Thursday, August 9th 2012, 7:17AM 4 Comments
by Niko Kloeten
Speaking at yesterday's Auckland IFA branch meeting, Heathcote Investment Partners director Clayton Coplestone warned that many advisers risk their businesses becoming worthless unless they adapt to the changing economic and regulatory environment.
He said many advisers are currently operating "proprietorships" and asked: "How would your business go if all the trails and everything you receive from third parties was turned off? Would it survive? If the answer is no then you don't have a business you have a proprietorship."
In Australia, where a client "opt-in" aspect has been added as part of the new FOFA (Future of Financial Advice) regulations, "all the clients the advice industry had have turned out to be transactional relationships."

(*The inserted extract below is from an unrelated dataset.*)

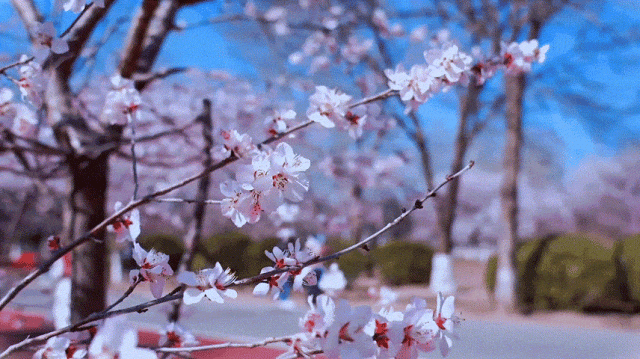 慶陽的春日，舉目晴明，一路春暖花開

Pricing pressure is coming on all parts of the financial services chain but advisers can continue to add value in the relationship aspect, according to Coplestone who put the "relationship premium" at about 100 basis points.
However, he warned that "very few people are willing to part with their hard-earned cash to buy relationships" and therefore advisers need to switch from proprietorships to businesses, which he said takes at least five years.
"If you are still of the belief you have a business I dare you not to go to work for six months from now on and if you have something left you have a business. If you don't have a business you'll get nothing."
Coplestone also said advisers could no longer get away with charging a premium for "mediocre" investment performance, particularly given the proliferation of cheap ETFs.
"If you're paying any more than 22 basis points for passive then you are doing your clients and yourself a disservice," he said.
"There's no magic bullet; consumers are getting more savvy and demanding more than just mediocrity. You can't go to a client and say, I'm going to take 3% a year to give you a single-digit return."